David Liu, a Chinese-American who owns Arcadia Firearms and Safety in California, says he's seen about five times the customers recently, with the increase overwhelmingly concerning people of Chinese descent.

"People are panicking because they don’t feel secure," he told The Daily Beast. "They worry about a riot or maybe that people will start to target the Chinese."

Since the outbreak of COVID-19 started spreading around the globe, incidents of racism and racist attacks against Asians have been on the rise.

Adults and children alike have reported being harassed, discriminated against, and assaulted over their appearance, whether they're from China, of Chinese descent, or merely look Asian, and regardless of whether they've ever even been to China.

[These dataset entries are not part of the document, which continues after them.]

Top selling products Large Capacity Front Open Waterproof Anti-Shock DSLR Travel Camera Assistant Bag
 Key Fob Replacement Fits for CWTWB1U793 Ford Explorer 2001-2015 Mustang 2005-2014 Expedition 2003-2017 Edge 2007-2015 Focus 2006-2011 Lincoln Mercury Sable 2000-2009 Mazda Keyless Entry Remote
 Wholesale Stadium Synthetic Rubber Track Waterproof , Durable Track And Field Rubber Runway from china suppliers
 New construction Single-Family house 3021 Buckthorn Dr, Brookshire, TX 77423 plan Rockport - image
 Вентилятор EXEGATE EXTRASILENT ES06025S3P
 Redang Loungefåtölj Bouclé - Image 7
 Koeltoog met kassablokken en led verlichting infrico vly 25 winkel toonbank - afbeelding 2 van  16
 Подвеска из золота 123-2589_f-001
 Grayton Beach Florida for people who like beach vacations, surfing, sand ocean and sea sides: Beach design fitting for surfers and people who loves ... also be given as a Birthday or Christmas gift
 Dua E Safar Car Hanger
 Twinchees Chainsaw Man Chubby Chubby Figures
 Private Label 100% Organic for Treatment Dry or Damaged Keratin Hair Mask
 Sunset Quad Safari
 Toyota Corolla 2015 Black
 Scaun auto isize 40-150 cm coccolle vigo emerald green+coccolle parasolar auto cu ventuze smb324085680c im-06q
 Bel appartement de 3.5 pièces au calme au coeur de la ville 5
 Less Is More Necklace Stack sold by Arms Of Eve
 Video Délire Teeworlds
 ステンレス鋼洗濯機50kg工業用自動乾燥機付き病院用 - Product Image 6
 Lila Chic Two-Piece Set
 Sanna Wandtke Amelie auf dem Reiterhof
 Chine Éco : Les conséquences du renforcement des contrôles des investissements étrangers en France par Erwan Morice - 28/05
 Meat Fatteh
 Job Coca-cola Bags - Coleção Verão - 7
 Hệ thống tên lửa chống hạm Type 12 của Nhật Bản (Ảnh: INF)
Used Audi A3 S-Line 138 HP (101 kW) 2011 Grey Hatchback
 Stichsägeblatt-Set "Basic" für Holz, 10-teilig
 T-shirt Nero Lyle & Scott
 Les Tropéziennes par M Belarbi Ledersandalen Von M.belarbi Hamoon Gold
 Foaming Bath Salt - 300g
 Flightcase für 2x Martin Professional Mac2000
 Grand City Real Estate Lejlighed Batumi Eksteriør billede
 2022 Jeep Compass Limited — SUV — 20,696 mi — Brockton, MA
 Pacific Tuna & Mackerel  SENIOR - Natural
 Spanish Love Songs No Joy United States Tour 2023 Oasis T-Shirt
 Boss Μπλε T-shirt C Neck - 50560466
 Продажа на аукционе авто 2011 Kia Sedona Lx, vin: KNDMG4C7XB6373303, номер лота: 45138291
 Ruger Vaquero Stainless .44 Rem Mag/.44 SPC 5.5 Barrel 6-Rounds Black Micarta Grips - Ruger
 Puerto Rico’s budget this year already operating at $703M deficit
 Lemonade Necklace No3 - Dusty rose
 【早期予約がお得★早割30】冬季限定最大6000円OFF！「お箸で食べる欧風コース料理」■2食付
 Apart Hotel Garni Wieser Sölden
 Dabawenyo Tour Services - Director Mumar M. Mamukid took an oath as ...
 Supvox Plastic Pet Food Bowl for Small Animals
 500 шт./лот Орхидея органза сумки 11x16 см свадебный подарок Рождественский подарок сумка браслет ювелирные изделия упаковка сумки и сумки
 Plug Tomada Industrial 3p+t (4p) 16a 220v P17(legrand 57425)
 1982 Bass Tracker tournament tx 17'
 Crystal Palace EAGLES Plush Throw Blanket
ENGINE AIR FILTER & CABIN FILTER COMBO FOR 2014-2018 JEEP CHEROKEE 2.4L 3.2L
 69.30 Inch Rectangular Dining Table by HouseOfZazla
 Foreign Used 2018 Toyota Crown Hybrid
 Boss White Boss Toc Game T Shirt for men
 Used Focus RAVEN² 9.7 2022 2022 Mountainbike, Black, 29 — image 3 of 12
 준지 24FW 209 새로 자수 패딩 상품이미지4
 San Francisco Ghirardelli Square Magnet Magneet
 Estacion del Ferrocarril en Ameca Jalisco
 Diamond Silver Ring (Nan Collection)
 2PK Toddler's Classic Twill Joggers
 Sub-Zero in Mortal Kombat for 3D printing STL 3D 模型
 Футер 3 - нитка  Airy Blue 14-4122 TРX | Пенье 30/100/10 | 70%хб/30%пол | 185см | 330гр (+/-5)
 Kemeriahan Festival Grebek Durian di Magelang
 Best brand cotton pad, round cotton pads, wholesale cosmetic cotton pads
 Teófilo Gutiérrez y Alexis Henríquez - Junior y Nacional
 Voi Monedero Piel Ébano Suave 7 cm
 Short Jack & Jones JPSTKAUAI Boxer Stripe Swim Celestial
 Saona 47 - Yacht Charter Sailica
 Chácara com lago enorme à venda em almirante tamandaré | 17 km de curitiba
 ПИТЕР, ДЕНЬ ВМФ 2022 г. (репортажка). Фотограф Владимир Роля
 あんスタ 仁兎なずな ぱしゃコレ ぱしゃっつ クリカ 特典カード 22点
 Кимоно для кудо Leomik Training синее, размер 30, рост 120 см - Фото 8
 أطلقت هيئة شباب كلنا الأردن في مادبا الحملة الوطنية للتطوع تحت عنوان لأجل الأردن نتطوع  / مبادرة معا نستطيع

And so, Asian-Americans are arming up.

Unsplash | Jay Rembert

"The main thing I’m hearing is that they don’t wanna get jumped because of their race," said Cole Gaughran of Bellevue, Washington dealer Wade's Eastside Guns.

He said that the store's sales increased six-fold over two weeks, with the majority of new customers being first-time gun buyers of Asian descent.

Dennis Lin, owner of Gun Effects and Cloud Nine Fishing in Industry, California, said he has seen a similar trend, with his sales doubling, and again largely Asian-Americans fearing racist attacks.

Facebook | Gun Effects and Cloud Nine Fishing

"Just people discriminating," he told KABC. "We forget, we're all people. We're in America, we're not in China."

Even those who have not experienced racist attacks or harassment since the coronavirus outbreak have been motivated to purchase a gun. One person told LAist that she had heard enough in the news, "So I have to protect my family and my son."

Preparing for the worst is what it's all about, according to Liu.

Unsplash | Bo Harvey

One of his customers told KCAL that his wife never would have allowed a gun in their home before the coronavirus outbreak. "We think it’s the perfect time to get a weapon for ourselves," he said.

"If you’re prepared, you’re not afraid," added Liu.